**TASK TO CARRY OUT:**
Taking only the lines of the data below from the line with "KickAss TShirt Small" to the line with "Armario Guardarropa Plegable Camping", ends included, write them out exactly and without pictures.

**RECORDS FOR THIS TASK:**
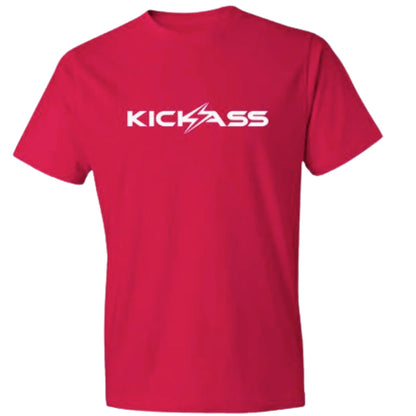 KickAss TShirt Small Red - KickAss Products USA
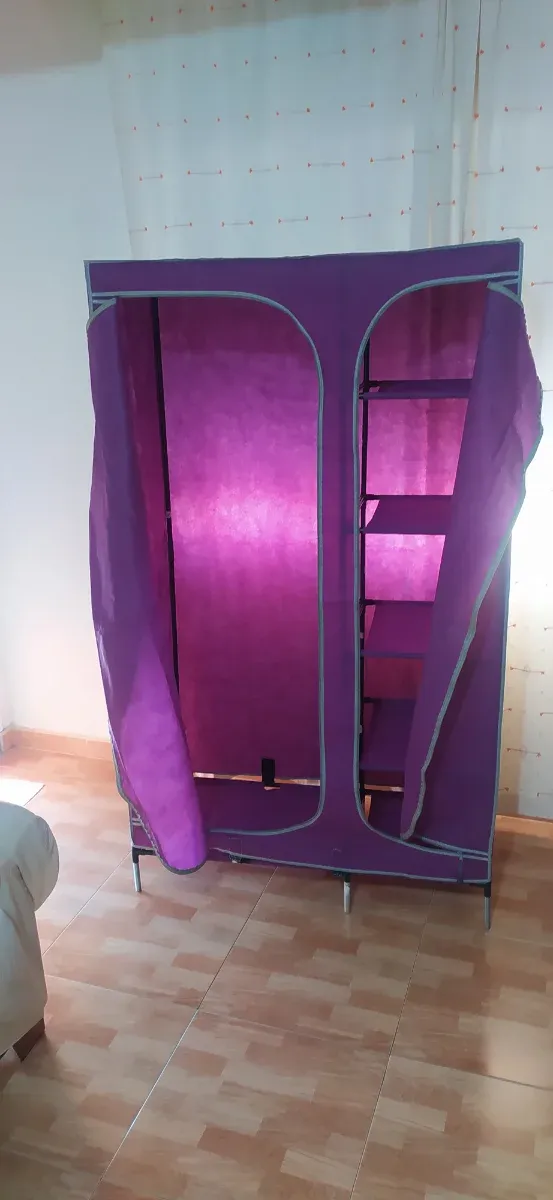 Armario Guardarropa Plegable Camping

...

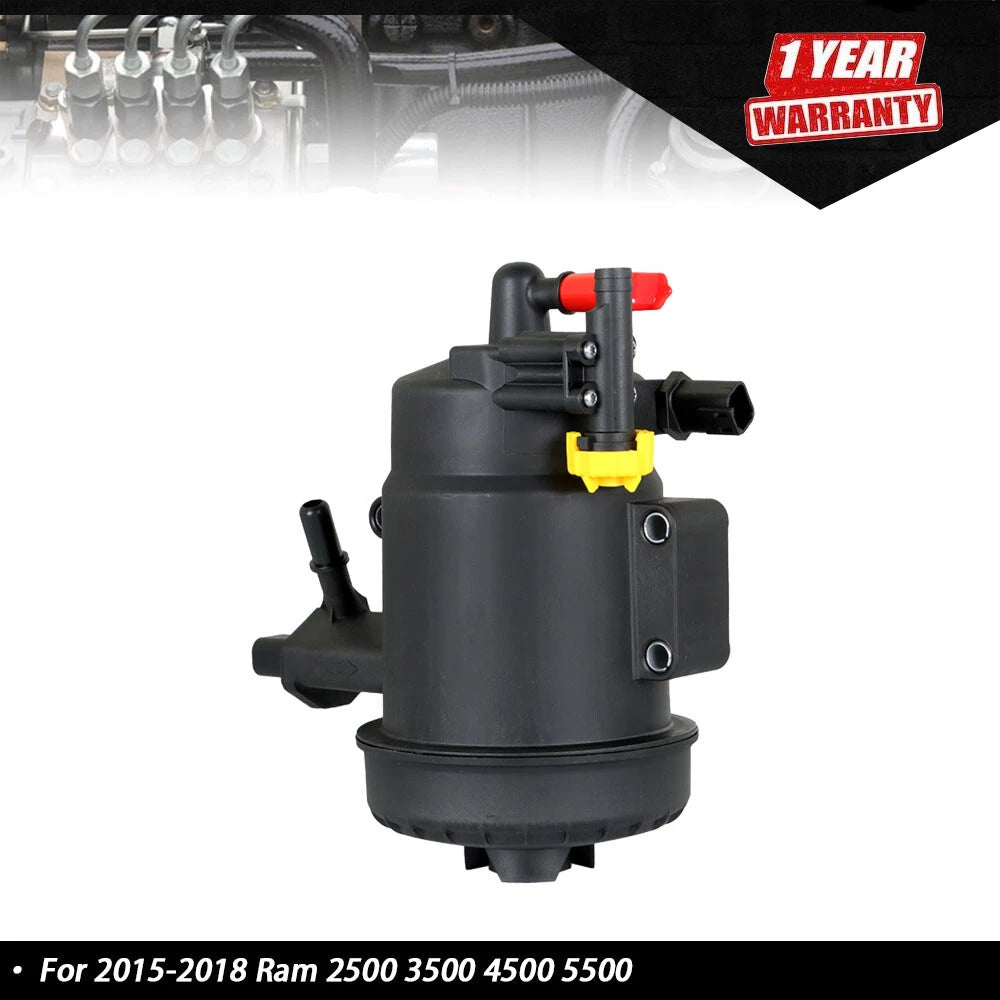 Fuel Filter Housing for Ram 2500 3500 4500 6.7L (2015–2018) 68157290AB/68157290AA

---

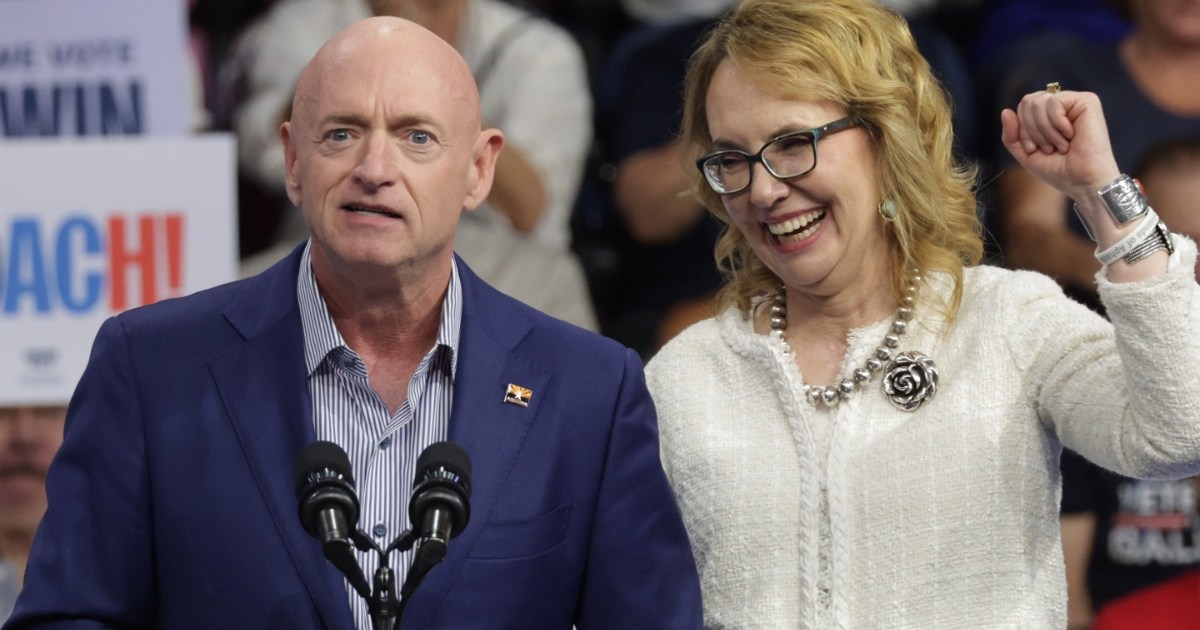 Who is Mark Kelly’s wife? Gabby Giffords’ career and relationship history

**SOLUTION FOR THIS TASK:**
 KickAss TShirt Small Red - KickAss Products USA
 Armario Guardarropa Plegable Camping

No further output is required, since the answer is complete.